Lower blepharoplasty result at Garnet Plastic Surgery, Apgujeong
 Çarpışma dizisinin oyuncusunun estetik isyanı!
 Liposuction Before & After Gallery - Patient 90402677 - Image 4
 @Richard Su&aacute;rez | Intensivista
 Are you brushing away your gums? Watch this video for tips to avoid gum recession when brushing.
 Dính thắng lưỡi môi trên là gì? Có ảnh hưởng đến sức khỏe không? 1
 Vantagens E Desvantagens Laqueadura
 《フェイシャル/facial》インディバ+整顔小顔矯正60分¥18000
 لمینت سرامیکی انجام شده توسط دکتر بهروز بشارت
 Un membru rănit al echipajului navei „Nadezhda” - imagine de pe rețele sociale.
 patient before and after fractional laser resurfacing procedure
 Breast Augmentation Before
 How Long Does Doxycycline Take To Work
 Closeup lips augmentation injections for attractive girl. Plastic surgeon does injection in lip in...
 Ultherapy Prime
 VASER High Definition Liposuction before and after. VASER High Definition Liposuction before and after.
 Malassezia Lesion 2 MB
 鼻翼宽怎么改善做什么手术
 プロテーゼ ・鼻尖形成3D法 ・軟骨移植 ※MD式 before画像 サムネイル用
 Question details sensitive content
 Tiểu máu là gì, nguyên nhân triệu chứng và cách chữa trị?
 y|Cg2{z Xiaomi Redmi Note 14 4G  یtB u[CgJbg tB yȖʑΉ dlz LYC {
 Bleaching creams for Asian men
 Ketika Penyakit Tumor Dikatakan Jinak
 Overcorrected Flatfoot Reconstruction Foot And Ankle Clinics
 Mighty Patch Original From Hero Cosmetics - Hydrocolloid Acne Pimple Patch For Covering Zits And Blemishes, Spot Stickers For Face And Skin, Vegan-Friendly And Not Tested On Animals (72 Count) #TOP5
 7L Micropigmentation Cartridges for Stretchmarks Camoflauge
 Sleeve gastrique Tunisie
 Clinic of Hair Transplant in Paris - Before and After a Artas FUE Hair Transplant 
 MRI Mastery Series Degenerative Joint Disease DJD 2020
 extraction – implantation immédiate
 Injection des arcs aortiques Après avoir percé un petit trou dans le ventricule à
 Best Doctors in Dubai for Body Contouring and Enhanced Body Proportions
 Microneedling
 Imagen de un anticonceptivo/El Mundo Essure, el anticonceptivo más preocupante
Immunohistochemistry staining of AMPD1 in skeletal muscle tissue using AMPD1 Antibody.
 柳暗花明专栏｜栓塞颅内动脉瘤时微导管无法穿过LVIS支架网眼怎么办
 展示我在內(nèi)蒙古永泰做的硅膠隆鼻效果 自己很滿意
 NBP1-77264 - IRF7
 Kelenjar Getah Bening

__Directions__. Your task is to transcribe each record faithfully and in full.

__Solution for this exercise__.
Lower blepharoplasty result at Garnet Plastic Surgery, Apgujeong
 Çarpışma dizisinin oyuncusunun estetik isyanı!
 Liposuction Before & After Gallery - Patient 90402677 - Image 4
 @Richard Su&aacute;rez | Intensivista
 Are you brushing away your gums? Watch this video for tips to avoid gum recession when brushing.
 Dính thắng lưỡi môi trên là gì? Có ảnh hưởng đến sức khỏe không? 1
 Vantagens E Desvantagens Laqueadura
 《フェイシャル/facial》インディバ+整顔小顔矯正60分¥18000
 لمینت سرامیکی انجام شده توسط دکتر بهروز بشارت
 Un membru rănit al echipajului navei „Nadezhda” - imagine de pe rețele sociale.
 patient before and after fractional laser resurfacing procedure
 Breast Augmentation Before
 How Long Does Doxycycline Take To Work
 Closeup lips augmentation injections for attractive girl. Plastic surgeon does injection in lip in...
 Ultherapy Prime
 VASER High Definition Liposuction before and after. VASER High Definition Liposuction before and after.
 Malassezia Lesion 2 MB
 鼻翼宽怎么改善做什么手术
 プロテーゼ ・鼻尖形成3D法 ・軟骨移植 ※MD式 before画像 サムネイル用
 Question details sensitive content
 Tiểu máu là gì, nguyên nhân triệu chứng và cách chữa trị?
 y|Cg2{z Xiaomi Redmi Note 14 4G  یtB u[CgJbg tB yȖʑΉ dlz LYC {
 Bleaching creams for Asian men
 Ketika Penyakit Tumor Dikatakan Jinak
 Overcorrected Flatfoot Reconstruction Foot And Ankle Clinics
 Mighty Patch Original From Hero Cosmetics - Hydrocolloid Acne Pimple Patch For Covering Zits And Blemishes, Spot Stickers For Face And Skin, Vegan-Friendly And Not Tested On Animals (72 Count) #TOP5
 7L Micropigmentation Cartridges for Stretchmarks Camoflauge
 Sleeve gastrique Tunisie
 Clinic of Hair Transplant in Paris - Before and After a Artas FUE Hair Transplant 
 MRI Mastery Series Degenerative Joint Disease DJD 2020
 extraction – implantation immédiate
 Injection des arcs aortiques Après avoir percé un petit trou dans le ventricule à
 Best Doctors in Dubai for Body Contouring and Enhanced Body Proportions
 Microneedling
 Imagen de un anticonceptivo/El Mundo Essure, el anticonceptivo más preocupante
Immunohistochemistry staining of AMPD1 in skeletal muscle tissue using AMPD1 Antibody.
 柳暗花明专栏｜栓塞颅内动脉瘤时微导管无法穿过LVIS支架网眼怎么办
 展示我在內(nèi)蒙古永泰做的硅膠隆鼻效果 自己很滿意
 NBP1-77264 - IRF7
 Kelenjar Getah Bening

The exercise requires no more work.